Sämtliche unternehmensinternen Dokumente werden bei BBR mit dem integrierten Dokumenten-Management-System (DMS) von proALPHA verwaltet. Damit können die berechtigten Mitarbeiter direkt auf alle zentral abgelegten Dokumente zugreifen, was eine deutliche Arbeitszeiteinsparung bedeutet. Der integrierte Ansatz gewährt eine strukturierte Verwaltung und Ablage der Informationen von jedem angebundenen Arbeitsplatz, ohne das System verlassen zu müssen.

Die ganzheitliche Abbildung aller kaufmännischen Prozesse von der Finanzbuchhaltung und der Belegerstellung bis hin zum Versand ermöglicht Transparenz und schlanke Arbeitsabläufe. Dank des systemweiten WorkflowManagements können Prozesse zuverlässig automatisiert werden und erhöhen damit die Effizienz in den einzelnen Abläufen.

Alle Kennzahlen auf einen Blick

Innerhalb des Controllings, das traditionell in vielen Bereichen mit Excel arbeitet, startete Ende 2012 zunächst die Umstellung des Projekt-Forecasts auf proALPHA. Vor allem in der Nutzung des proALPHA Analyzers, des BI-Tools zur freien Datenauswertung, sieht Volker Lenkeit weitreichende Möglichkeiten, die komplexen Abläufe im Unternehmen transparent zu gestalten und Optimierungsmöglichkeiten schneller aufzuspüren.

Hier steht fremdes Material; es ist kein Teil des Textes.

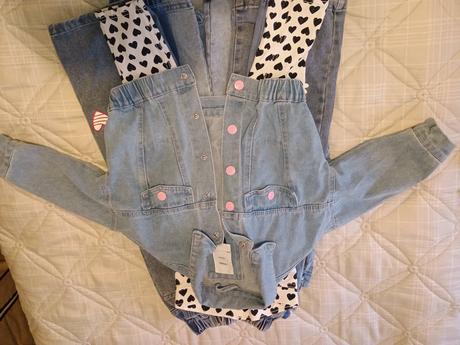 Nohavice 7ks + riflové bunda, h&m,110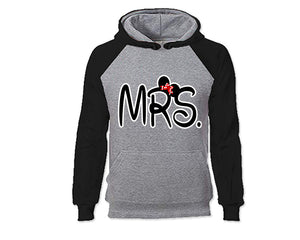 Black Grey color MRS design Hoodie for Woman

Fazit: Schrittweise Einführung für mehr Akzeptanz im Unternehmen

Im Laufe der Zeit wird BBR weitere, bisher in Fremdsystemen laufende Anwendungen nach proALPHA verlagern und die integrierte Umgebung komplettieren. Nur so lassen sich die von langfristigen Projekten geprägten Abläufe beschleunigen und die Kostenstrukturen transparent machen.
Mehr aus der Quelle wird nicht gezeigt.